Prompt.
First find the line with "Apartments Tonka Near", then reproduce it and all following lines of the data to the end, exactly and with no pictures, adding nothing.

Content starts

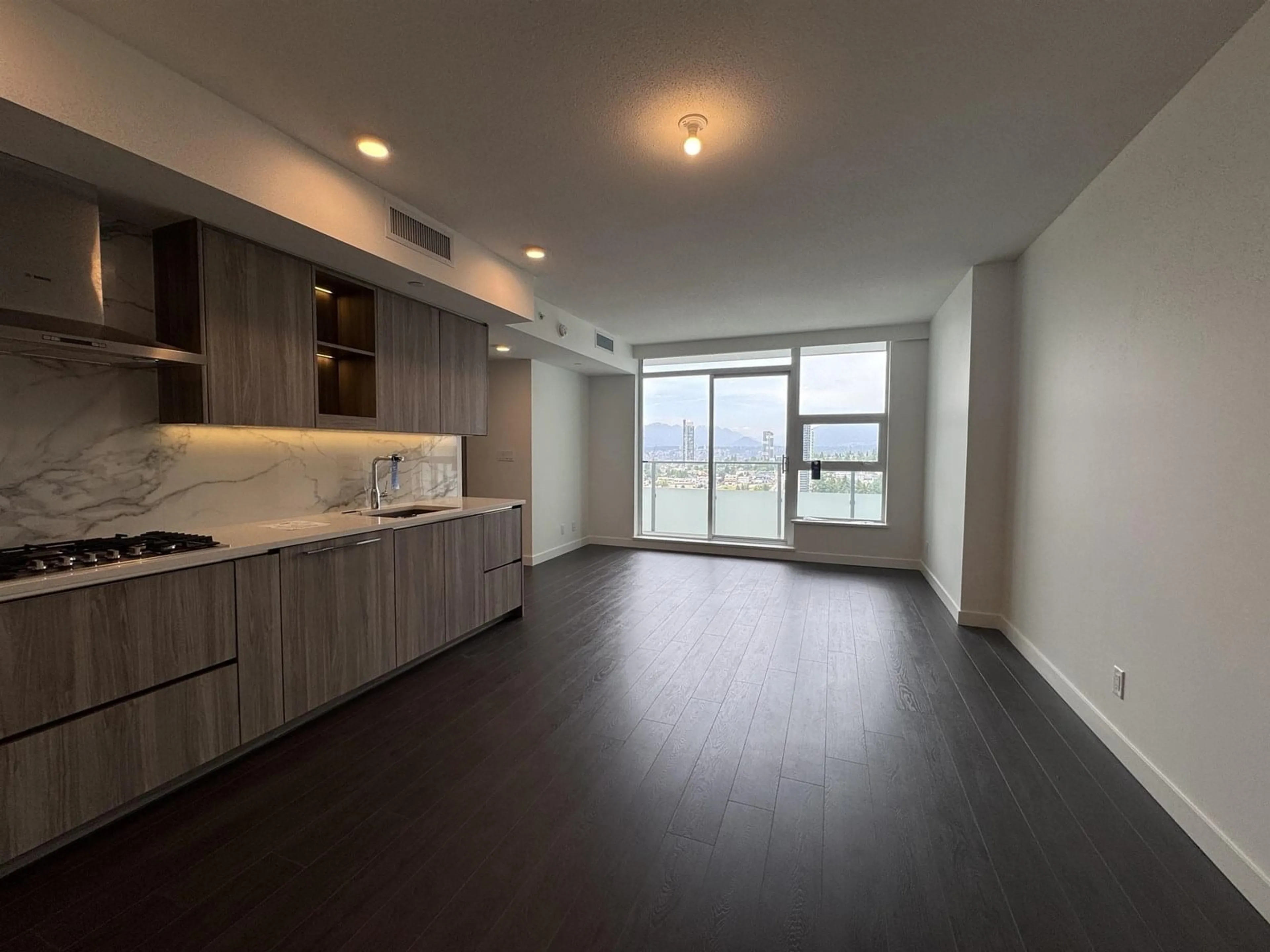 A pic of a room for 2409 - 13768 100, Surrey British Columbia V3T0V2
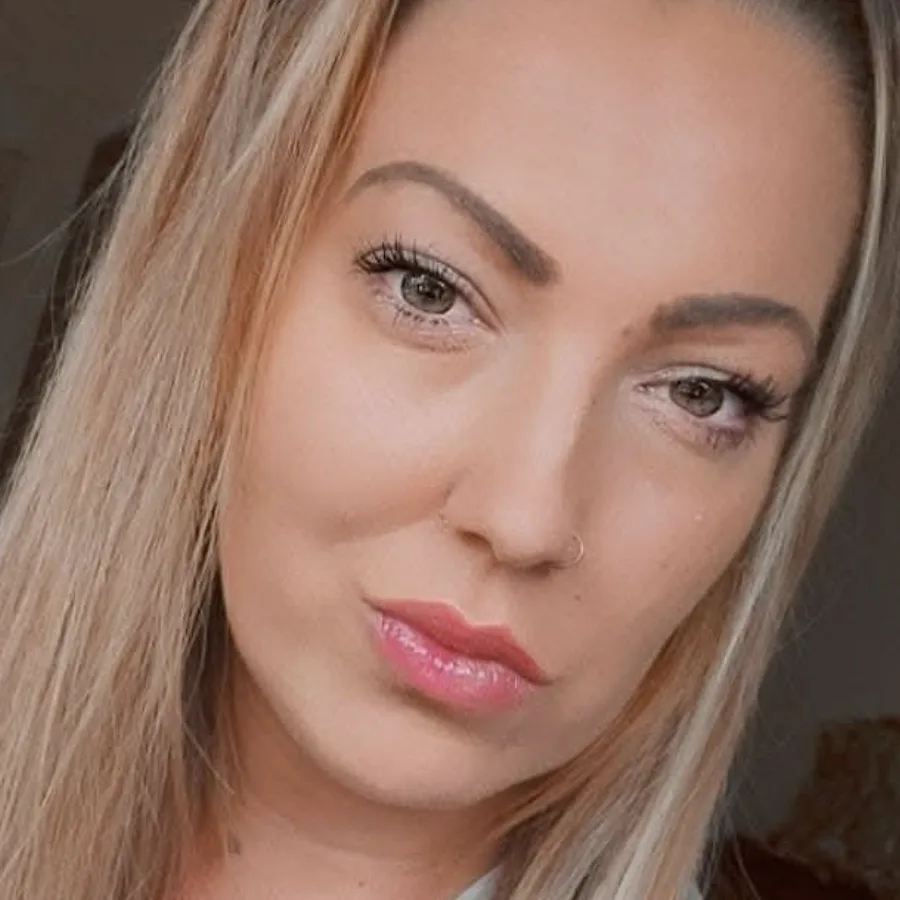 Mother of Six Dies After Brutal Head Injury Attack in Almondbury – Murder Probe Ongoing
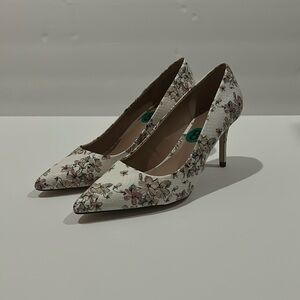 Call it Spring Women’s Dusty Rose Floral on white snake skin pattern. Size 8 new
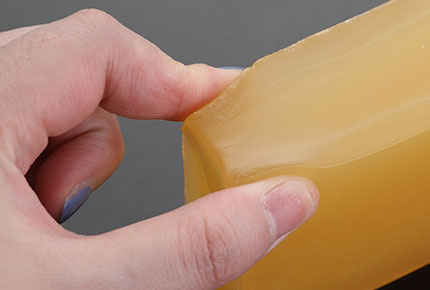 Eight Methods of Gluing Hot Melt Glue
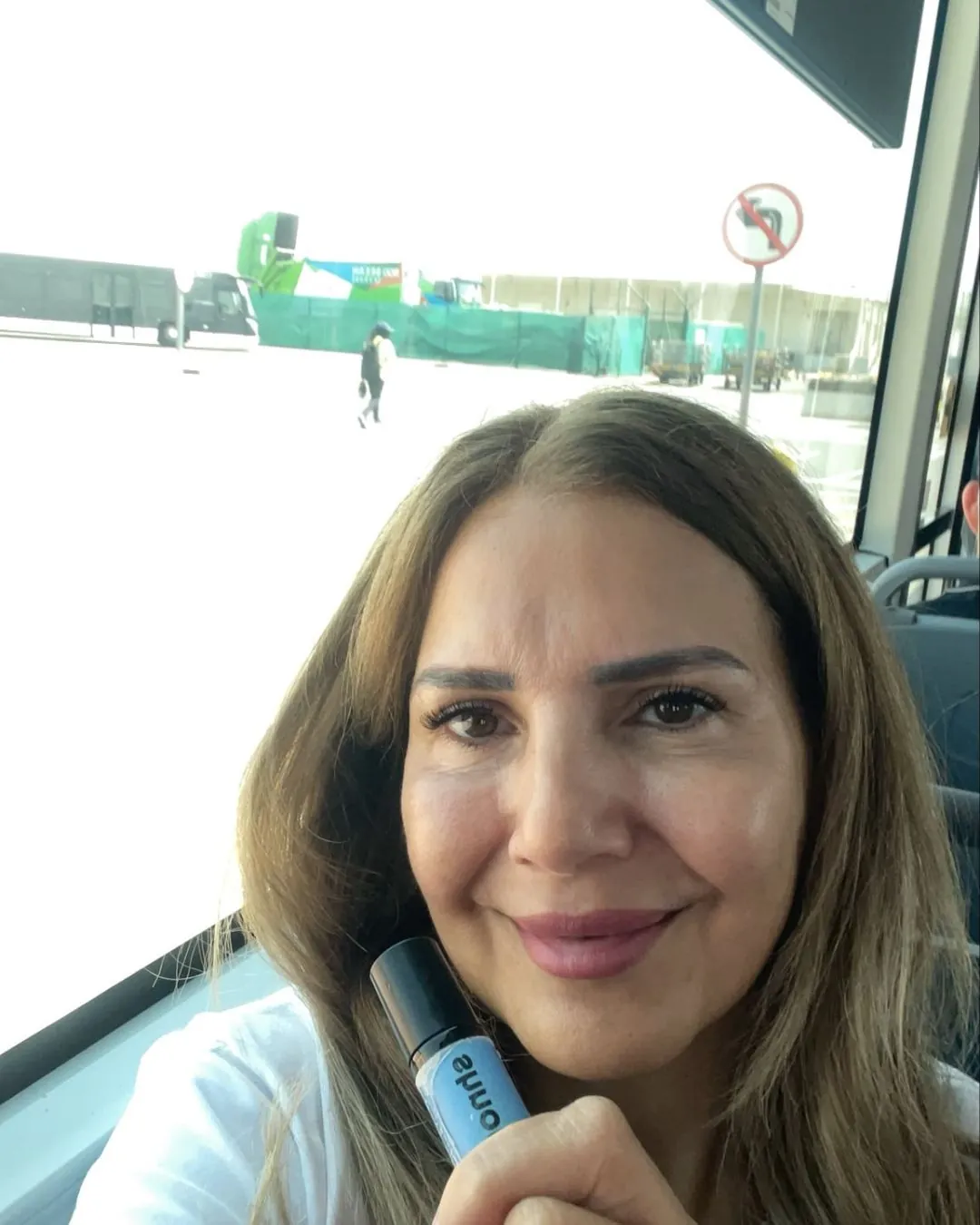 Customer with a shnort Mint WIND roller on the bus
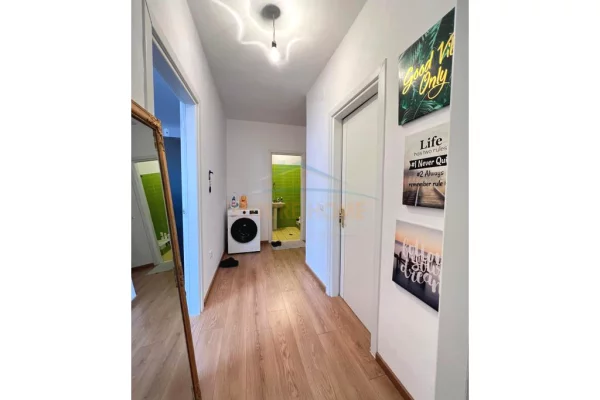 Shtepi ne shitje Apartament ne Tirane, 1+1, Mobilimi Pjeserisht e mobiluar, Pagesa 123,000  Euro.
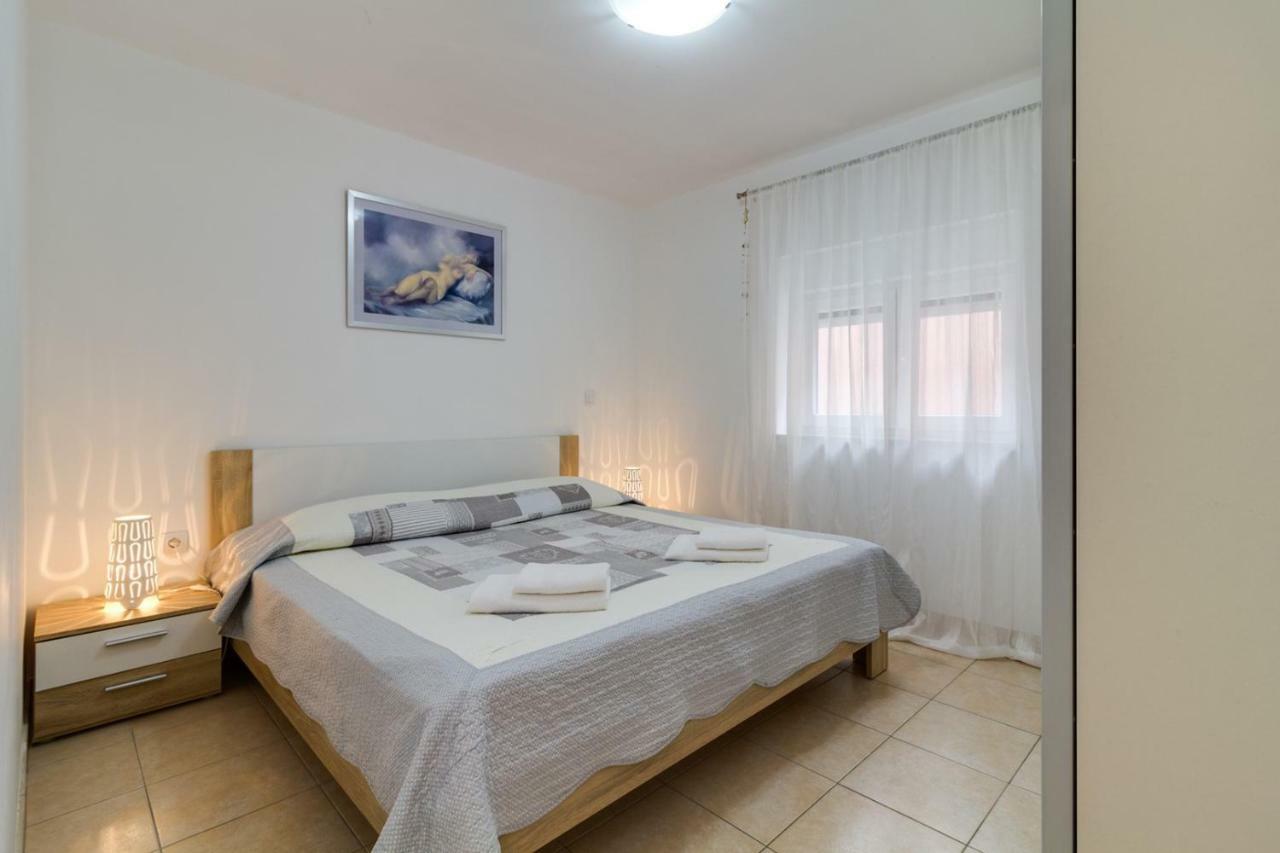 Apartments Tonka Near Beach And Sea Πούλα Εξωτερικό φωτογραφία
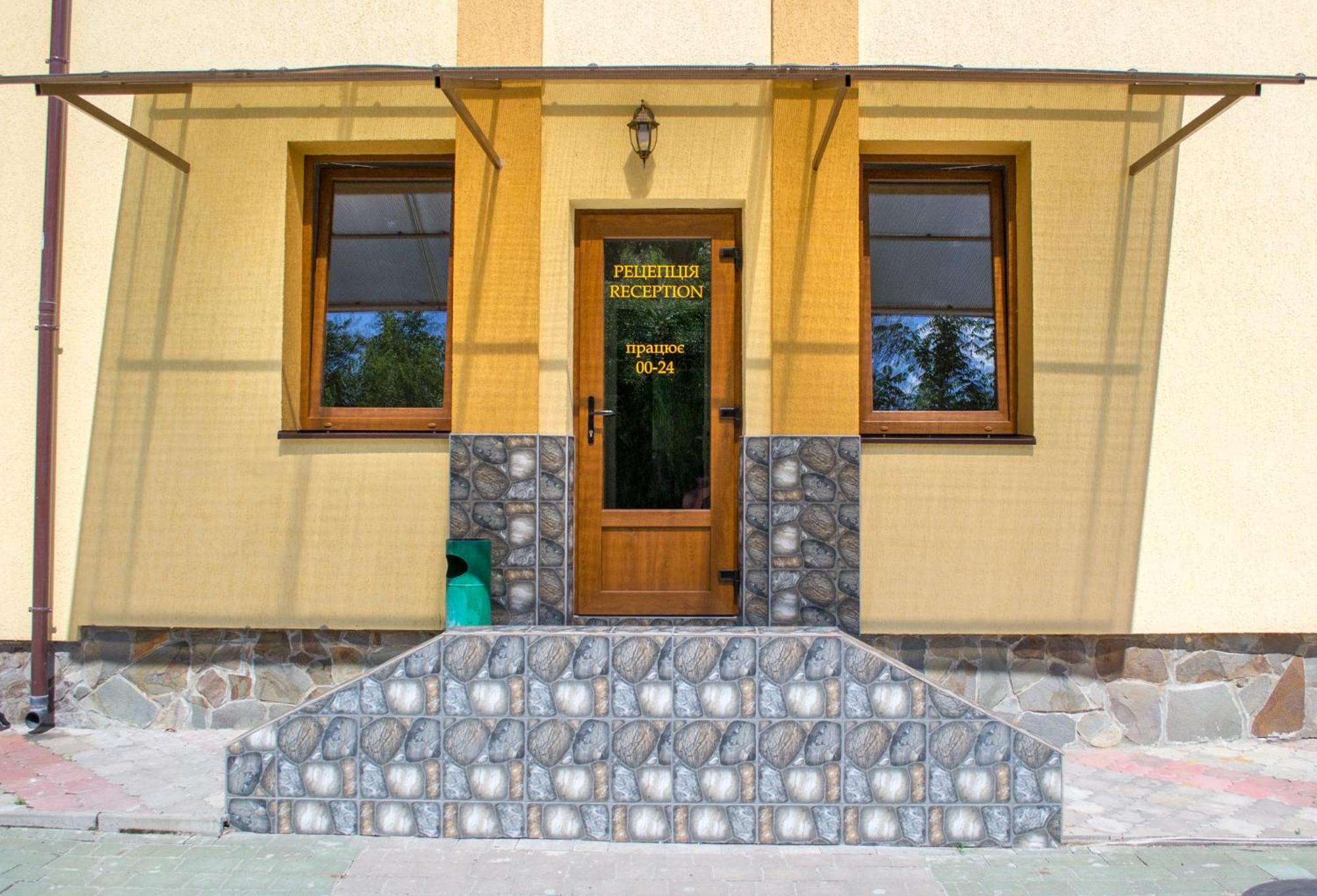 Каприз Hotel Камианец-Подилский Екстериор снимка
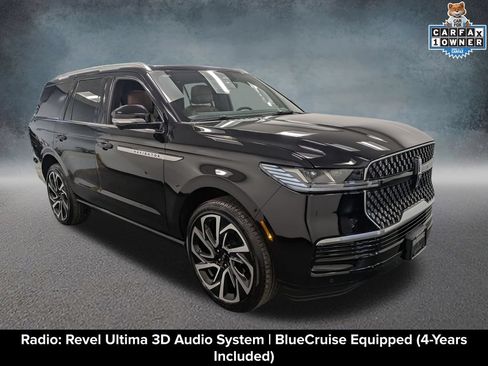Used 2026 Lincoln Navigator Reserve AWD/4WD image 5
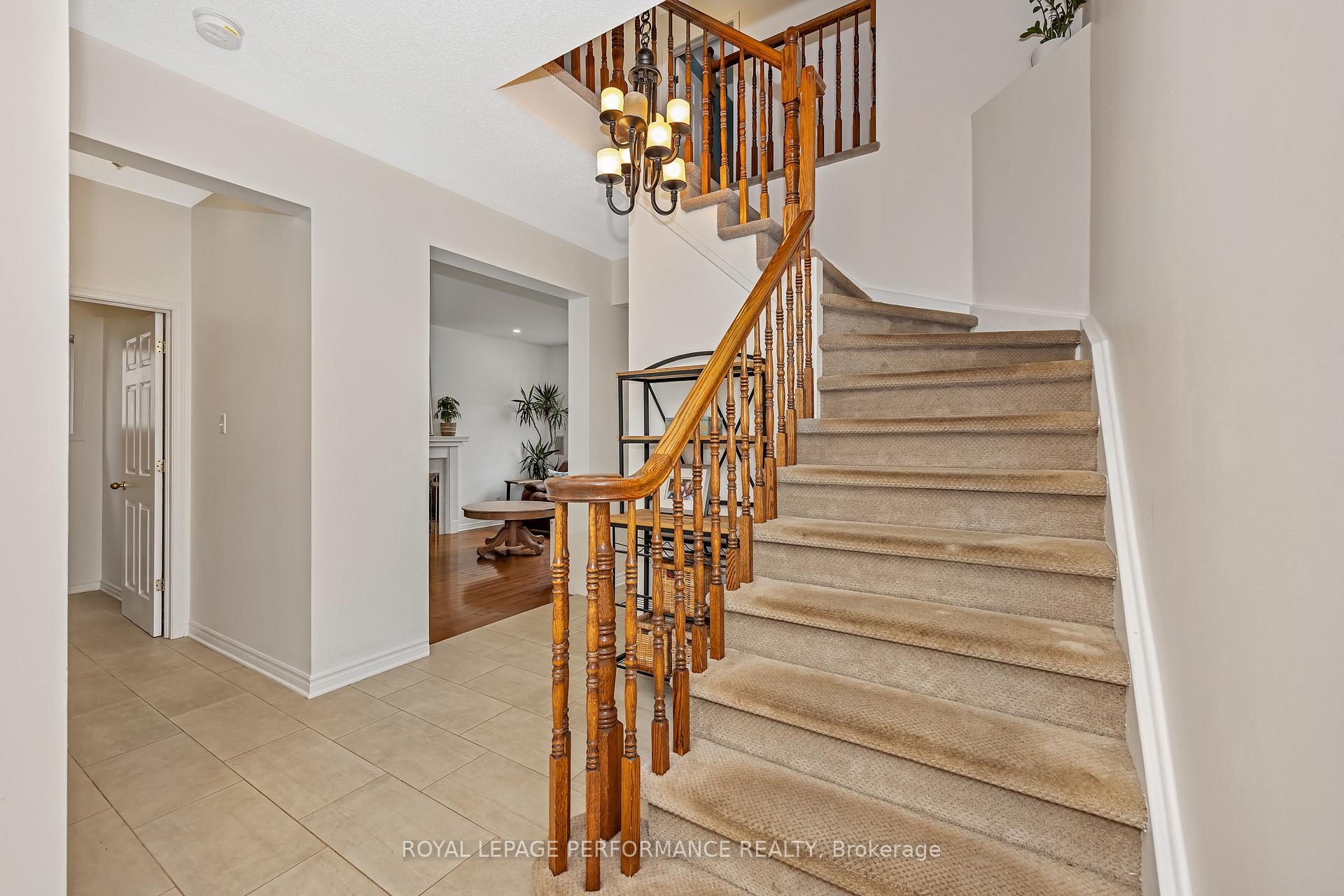 Photo 16 of 1563 Winterport Way, Ottawa, Fallingbrook/Pineridge — HOMEH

Content ends

Answer space.
 Apartments Tonka Near Beach And Sea Πούλα Εξωτερικό φωτογραφία
 Каприз Hotel Камианец-Подилский Екстериор снимка
Used 2026 Lincoln Navigator Reserve AWD/4WD image 5
 Photo 16 of 1563 Winterport Way, Ottawa, Fallingbrook/Pineridge — HOMEH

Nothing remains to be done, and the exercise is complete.